Nella gita parrocchiale del mese scorso abbiamo visitato gli scavi di Pompei.

Pompei: la città morta che vive. Così è stata definita l’antica città che venne interamente sepolta da un’eruzione apocalittica nel 79 dopo Cristo. Abbiamo una descrizione di questo evento drammatico in una lettera che Plinio il Giovane scrisse a Tacito.

Nel 1748 iniziarono gli scavi che ancora oggi sono in corso. Scavi che riportano alla luce l’antica città.

L’eruzione è stata paradossalmente provvidenziale, come scrisse Goethe nel 1786 dopo aver visitato Pompei: “Molte sciagure sono accadute nel mondo, ma poche hanno procurato altrettanta gioia alla posterità. Credo sia difficile vedere qualcosa di più interessante”.

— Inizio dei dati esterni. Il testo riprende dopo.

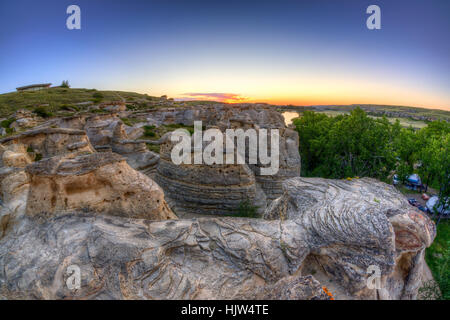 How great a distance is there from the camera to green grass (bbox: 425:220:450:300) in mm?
8742

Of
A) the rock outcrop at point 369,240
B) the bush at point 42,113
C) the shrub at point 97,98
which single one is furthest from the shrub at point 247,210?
the shrub at point 97,98

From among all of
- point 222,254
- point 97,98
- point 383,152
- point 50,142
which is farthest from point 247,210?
point 97,98

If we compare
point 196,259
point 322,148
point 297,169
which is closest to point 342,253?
point 196,259

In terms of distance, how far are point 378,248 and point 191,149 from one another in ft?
29.1

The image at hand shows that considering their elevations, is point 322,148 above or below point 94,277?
above

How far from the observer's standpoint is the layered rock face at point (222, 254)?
3.96m

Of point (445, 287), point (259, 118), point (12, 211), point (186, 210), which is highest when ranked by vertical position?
point (259, 118)

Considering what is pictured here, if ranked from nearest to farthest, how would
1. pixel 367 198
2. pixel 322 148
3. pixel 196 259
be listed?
pixel 196 259 → pixel 367 198 → pixel 322 148

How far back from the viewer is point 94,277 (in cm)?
395

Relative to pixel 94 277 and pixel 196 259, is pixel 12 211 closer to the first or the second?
pixel 94 277

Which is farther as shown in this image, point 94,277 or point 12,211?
point 12,211

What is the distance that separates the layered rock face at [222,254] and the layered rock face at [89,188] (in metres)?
0.43

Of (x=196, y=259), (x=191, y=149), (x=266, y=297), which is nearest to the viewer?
(x=266, y=297)

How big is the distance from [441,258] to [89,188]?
585 inches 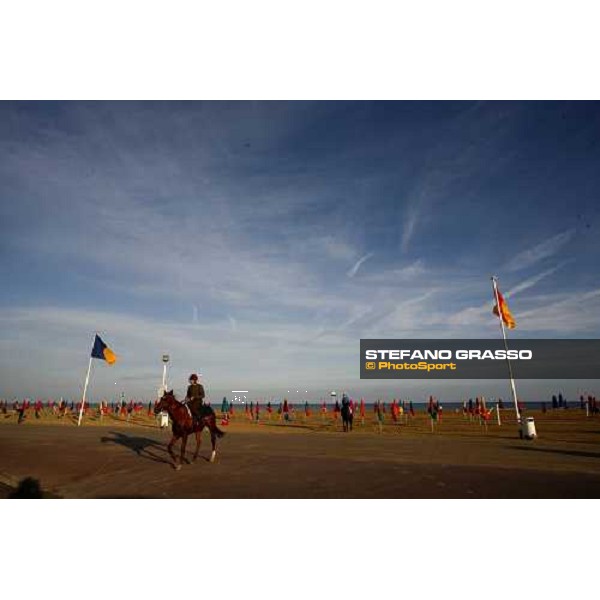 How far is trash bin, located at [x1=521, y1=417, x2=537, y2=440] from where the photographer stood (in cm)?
1812

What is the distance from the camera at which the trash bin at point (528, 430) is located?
18.1m

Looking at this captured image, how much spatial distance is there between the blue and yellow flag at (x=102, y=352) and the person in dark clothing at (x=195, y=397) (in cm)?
2189

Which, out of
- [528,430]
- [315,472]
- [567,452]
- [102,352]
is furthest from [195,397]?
[102,352]

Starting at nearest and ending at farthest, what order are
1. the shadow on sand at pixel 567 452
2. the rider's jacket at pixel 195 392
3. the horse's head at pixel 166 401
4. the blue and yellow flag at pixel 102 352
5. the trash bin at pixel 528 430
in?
the horse's head at pixel 166 401, the rider's jacket at pixel 195 392, the shadow on sand at pixel 567 452, the trash bin at pixel 528 430, the blue and yellow flag at pixel 102 352

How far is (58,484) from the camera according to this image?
30.3 ft

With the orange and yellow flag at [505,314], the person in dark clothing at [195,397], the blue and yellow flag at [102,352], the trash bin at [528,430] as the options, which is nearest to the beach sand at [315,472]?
the person in dark clothing at [195,397]

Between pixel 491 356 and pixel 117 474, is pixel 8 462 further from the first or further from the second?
pixel 491 356

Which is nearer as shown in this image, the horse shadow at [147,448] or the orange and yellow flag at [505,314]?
the horse shadow at [147,448]

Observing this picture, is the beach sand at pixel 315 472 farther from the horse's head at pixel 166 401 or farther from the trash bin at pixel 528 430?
the trash bin at pixel 528 430

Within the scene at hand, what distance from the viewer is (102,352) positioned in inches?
1230

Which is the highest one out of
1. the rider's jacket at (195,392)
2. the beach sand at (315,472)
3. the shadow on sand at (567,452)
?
the rider's jacket at (195,392)

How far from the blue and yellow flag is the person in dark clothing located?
71.8ft

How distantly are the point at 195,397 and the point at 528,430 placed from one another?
1529cm

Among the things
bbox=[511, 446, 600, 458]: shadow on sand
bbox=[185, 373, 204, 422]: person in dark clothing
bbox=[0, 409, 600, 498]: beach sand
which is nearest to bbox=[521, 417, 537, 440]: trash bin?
bbox=[0, 409, 600, 498]: beach sand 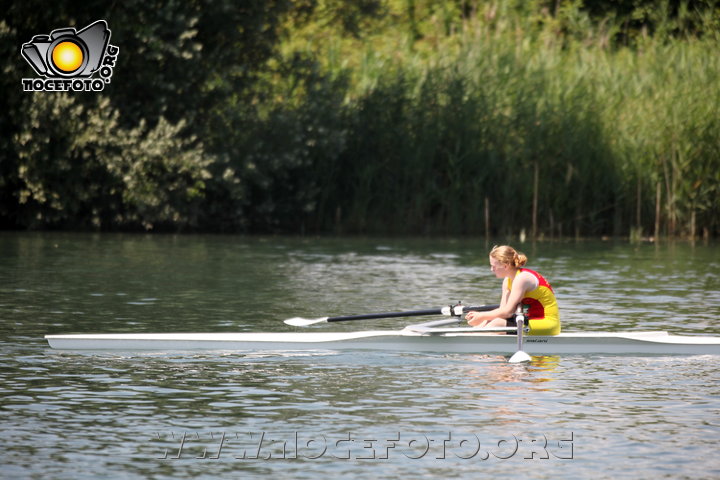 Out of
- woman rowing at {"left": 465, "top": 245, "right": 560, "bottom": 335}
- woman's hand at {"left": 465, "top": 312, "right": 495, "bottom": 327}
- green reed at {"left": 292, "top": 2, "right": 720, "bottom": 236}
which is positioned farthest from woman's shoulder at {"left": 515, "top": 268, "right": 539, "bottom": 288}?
green reed at {"left": 292, "top": 2, "right": 720, "bottom": 236}

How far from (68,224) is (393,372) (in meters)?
20.3

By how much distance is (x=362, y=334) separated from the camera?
12.5 m

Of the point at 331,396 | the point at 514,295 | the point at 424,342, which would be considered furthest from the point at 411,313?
the point at 331,396

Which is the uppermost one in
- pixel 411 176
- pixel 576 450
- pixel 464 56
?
pixel 464 56

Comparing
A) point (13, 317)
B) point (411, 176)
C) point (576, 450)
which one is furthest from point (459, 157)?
point (576, 450)

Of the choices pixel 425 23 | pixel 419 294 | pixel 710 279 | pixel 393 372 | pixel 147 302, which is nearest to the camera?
pixel 393 372

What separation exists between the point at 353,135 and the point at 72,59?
687 cm

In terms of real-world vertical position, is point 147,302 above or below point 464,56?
below

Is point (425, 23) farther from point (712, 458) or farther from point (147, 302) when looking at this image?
point (712, 458)

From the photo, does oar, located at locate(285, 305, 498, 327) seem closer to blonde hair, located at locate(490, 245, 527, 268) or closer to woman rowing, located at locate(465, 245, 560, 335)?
woman rowing, located at locate(465, 245, 560, 335)

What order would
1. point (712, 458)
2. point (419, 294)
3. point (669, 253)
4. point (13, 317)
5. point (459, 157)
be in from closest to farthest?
point (712, 458) → point (13, 317) → point (419, 294) → point (669, 253) → point (459, 157)

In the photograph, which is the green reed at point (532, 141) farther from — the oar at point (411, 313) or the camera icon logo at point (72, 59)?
the oar at point (411, 313)

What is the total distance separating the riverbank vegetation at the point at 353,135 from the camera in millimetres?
27688

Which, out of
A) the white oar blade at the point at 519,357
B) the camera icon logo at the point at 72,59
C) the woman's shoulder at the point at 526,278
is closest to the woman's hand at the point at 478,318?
the woman's shoulder at the point at 526,278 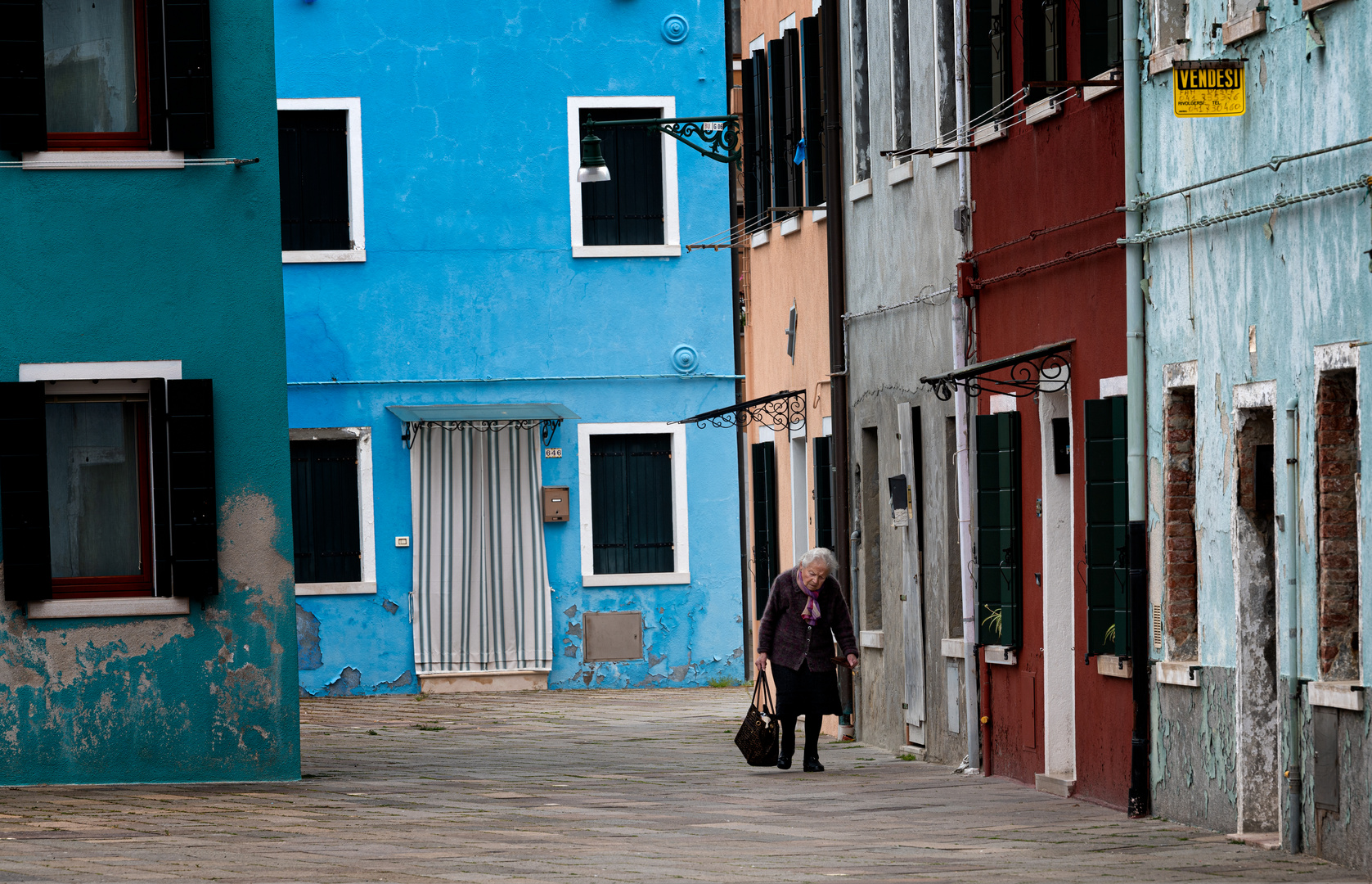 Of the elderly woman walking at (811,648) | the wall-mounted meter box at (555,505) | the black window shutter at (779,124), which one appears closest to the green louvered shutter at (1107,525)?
the elderly woman walking at (811,648)

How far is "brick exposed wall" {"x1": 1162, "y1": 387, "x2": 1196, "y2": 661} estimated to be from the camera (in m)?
13.2

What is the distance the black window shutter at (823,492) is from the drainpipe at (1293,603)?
367 inches

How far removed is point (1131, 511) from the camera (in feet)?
44.8

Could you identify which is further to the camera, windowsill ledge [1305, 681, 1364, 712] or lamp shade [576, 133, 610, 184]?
lamp shade [576, 133, 610, 184]

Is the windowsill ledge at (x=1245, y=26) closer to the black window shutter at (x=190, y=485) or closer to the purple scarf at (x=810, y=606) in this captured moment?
the purple scarf at (x=810, y=606)

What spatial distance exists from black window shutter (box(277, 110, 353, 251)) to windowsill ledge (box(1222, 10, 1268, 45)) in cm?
1623

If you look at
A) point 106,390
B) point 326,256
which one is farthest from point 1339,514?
point 326,256

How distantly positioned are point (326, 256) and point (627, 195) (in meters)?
3.57

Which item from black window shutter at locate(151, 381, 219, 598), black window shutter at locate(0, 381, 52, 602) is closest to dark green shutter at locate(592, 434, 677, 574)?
black window shutter at locate(151, 381, 219, 598)

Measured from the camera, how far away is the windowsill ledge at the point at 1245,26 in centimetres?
1180

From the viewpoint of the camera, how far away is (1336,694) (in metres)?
11.0

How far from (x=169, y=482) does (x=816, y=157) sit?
727cm

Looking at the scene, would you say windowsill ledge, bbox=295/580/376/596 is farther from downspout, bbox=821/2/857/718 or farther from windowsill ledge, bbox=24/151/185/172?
windowsill ledge, bbox=24/151/185/172

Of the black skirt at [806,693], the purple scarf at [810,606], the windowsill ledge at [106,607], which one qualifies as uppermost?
the windowsill ledge at [106,607] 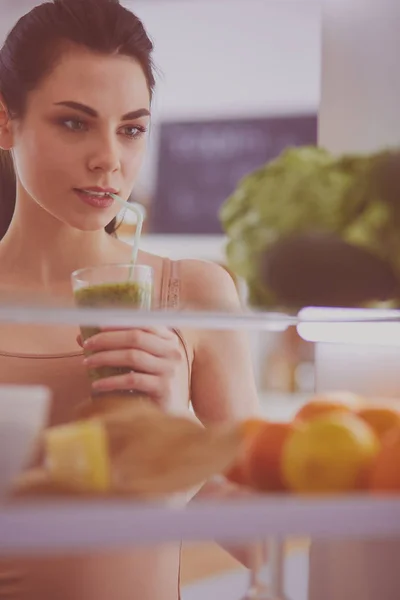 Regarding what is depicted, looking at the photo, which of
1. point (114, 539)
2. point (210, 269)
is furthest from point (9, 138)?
point (114, 539)

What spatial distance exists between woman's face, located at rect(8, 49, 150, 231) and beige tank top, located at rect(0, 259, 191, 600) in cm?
25

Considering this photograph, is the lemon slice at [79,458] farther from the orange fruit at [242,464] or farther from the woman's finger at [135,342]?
the woman's finger at [135,342]

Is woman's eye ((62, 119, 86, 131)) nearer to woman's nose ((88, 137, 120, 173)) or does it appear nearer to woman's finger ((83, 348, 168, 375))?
woman's nose ((88, 137, 120, 173))

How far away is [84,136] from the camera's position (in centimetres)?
96

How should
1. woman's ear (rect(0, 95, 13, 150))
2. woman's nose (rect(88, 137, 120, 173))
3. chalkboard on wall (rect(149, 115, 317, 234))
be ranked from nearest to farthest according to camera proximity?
woman's nose (rect(88, 137, 120, 173)) < woman's ear (rect(0, 95, 13, 150)) < chalkboard on wall (rect(149, 115, 317, 234))

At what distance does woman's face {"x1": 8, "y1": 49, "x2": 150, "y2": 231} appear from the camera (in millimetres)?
933

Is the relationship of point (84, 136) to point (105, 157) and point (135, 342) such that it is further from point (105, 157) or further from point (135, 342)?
point (135, 342)

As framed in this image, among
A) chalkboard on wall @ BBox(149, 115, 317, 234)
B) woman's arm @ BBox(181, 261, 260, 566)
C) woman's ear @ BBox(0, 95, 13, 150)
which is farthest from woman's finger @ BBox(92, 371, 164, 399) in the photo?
chalkboard on wall @ BBox(149, 115, 317, 234)

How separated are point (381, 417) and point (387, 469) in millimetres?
95

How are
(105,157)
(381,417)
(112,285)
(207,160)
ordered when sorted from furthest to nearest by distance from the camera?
(207,160), (105,157), (112,285), (381,417)

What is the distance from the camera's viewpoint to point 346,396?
66cm

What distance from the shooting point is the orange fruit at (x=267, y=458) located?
0.55 meters

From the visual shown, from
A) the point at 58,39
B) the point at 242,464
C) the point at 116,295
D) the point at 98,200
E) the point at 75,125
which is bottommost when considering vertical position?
the point at 242,464

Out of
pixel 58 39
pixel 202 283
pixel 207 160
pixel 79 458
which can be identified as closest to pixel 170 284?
pixel 202 283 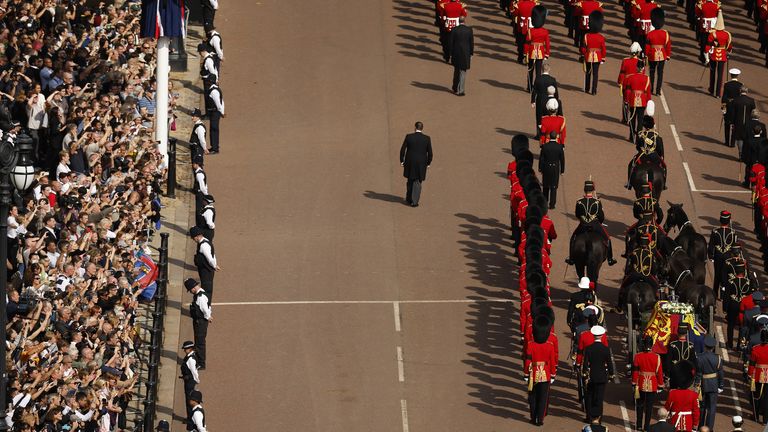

La lava e la cenere sono state per l’antica città una sorta di copertura che ha permesso alla città di mantenere nei secoli la sua integrità, di essere protetta dalle intemperie. Per la terribile disgrazia del 79 noi possiamo conoscere la vita dell’antica città romana, di capire chi erano gli abitanti di Pompei, di sapere come vivevano, come amavano, cosa mangiavano, come si divertivano. Insomma una “disgrazia provvidenziale” per la storia.